When we look back to the marvel that computers have left our world with, starting with that super-big computer that had first been build, to the bulky desktop system, to our conventional laptops today, we cannot but hold in awe, the brilliant hallmark that computers now carry. With numerous advancements in the technology to build computers, we have a plethora of blueprints to make computers faster, more durable and more efficient.
Researchers and scientists from the University of Texas El Paso and University of Central Florida in the US have built a device that works on controlling light beams around curves that have twice the curvature that had previously been possible. This could potentially lead to the developing of superfast computers that could function a thousand times faster, transmitting data via light beams rather than electric signals.
The prototype of building a superfast computer using optical cables had long been proposed. But the research was kept on a hiatus because of the lack of devices that could control light beams around curves without significant losses in energy. Our conventional light waveguides such as optical fibres, can steer light across large distances and gradual turns, but if the curve is too steep, the light beams escape resulting in a loss of energy. Now, it is viable to send light signals around a curved trajectory.

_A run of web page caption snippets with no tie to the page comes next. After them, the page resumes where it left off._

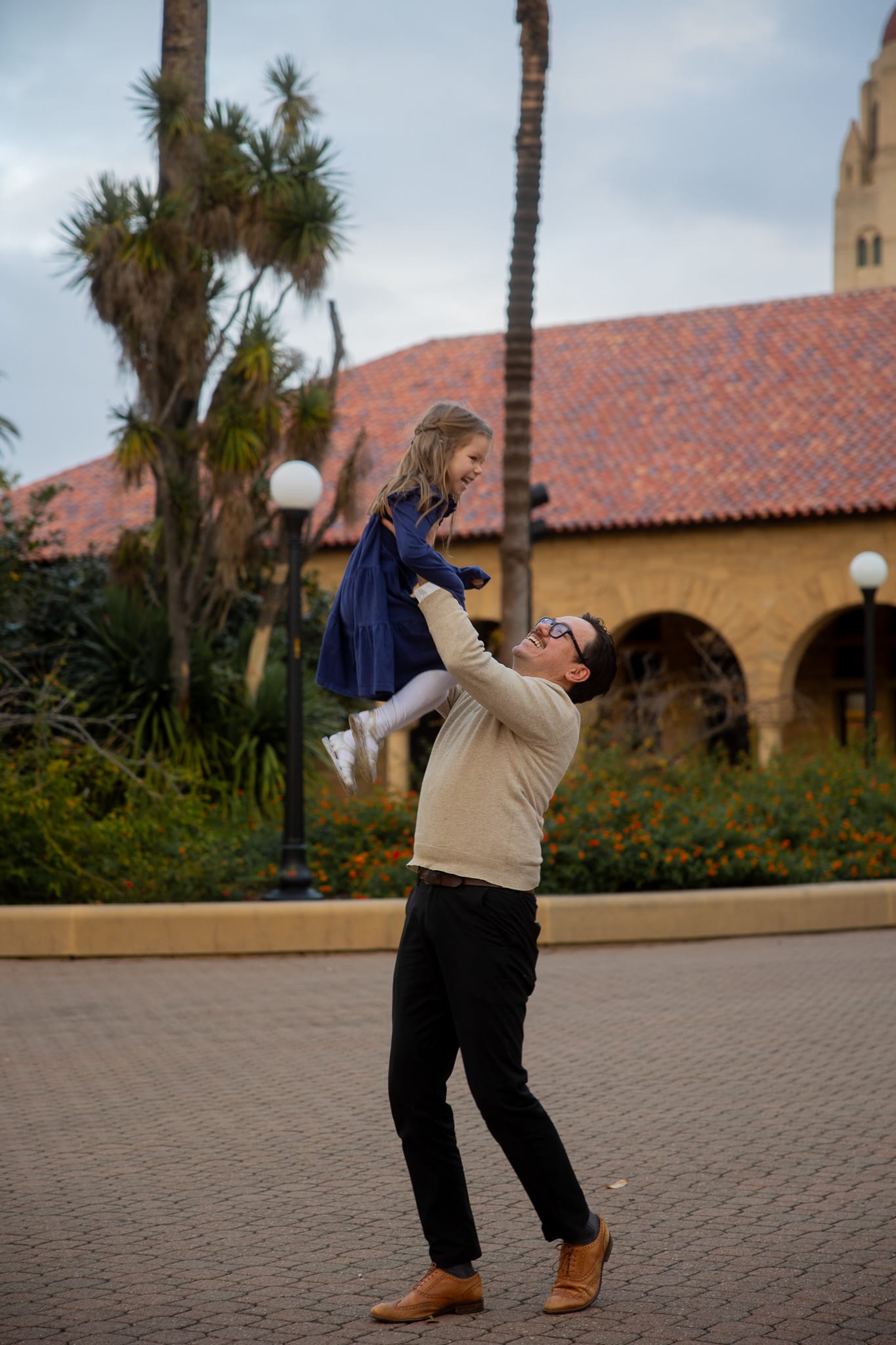 family photo by christmas tree on the floor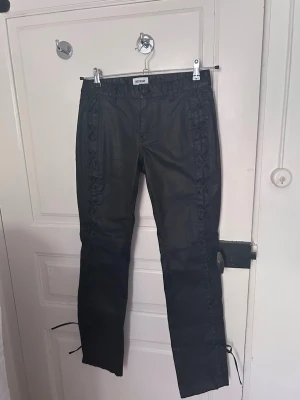 Svarta skinnbyxor med snörning - Säljer ett par svarta skinnbyxor med snygga snörningsdetaljer längs sidorna. Byxorna har raka ben och hällor för skärp. Storlek 34/XS. Low/mid waist :)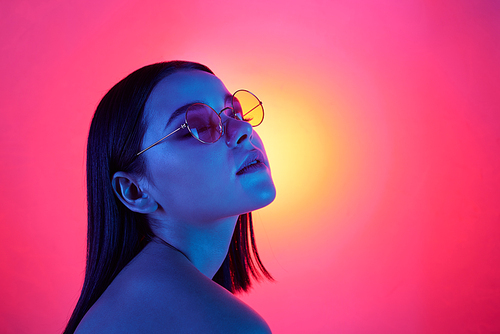 Attractive girl in stylish eyeglasses with black hair and perfect makeup expressing pleasure while relaxing in neon lights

The device built, resembles a plastic honeycomb and can turn beams of photons into optical wires that can bend around the small structures inside a computer. This structure is similar to a miniature lattice. When light is transmitted through the structure, it was found that the beams could be controlled through 90 degree bends that are twice as steep as had previously been possible, without any loss in the intensity.
The researchers are now working on increasing the steepness of the curves so that the light can be beamed across tiny electronic circuit boards without any loss of energy or data. This is a milestone in the study of optics so far and with successful research, we could possibly build super-fast computers that can run on optical signals.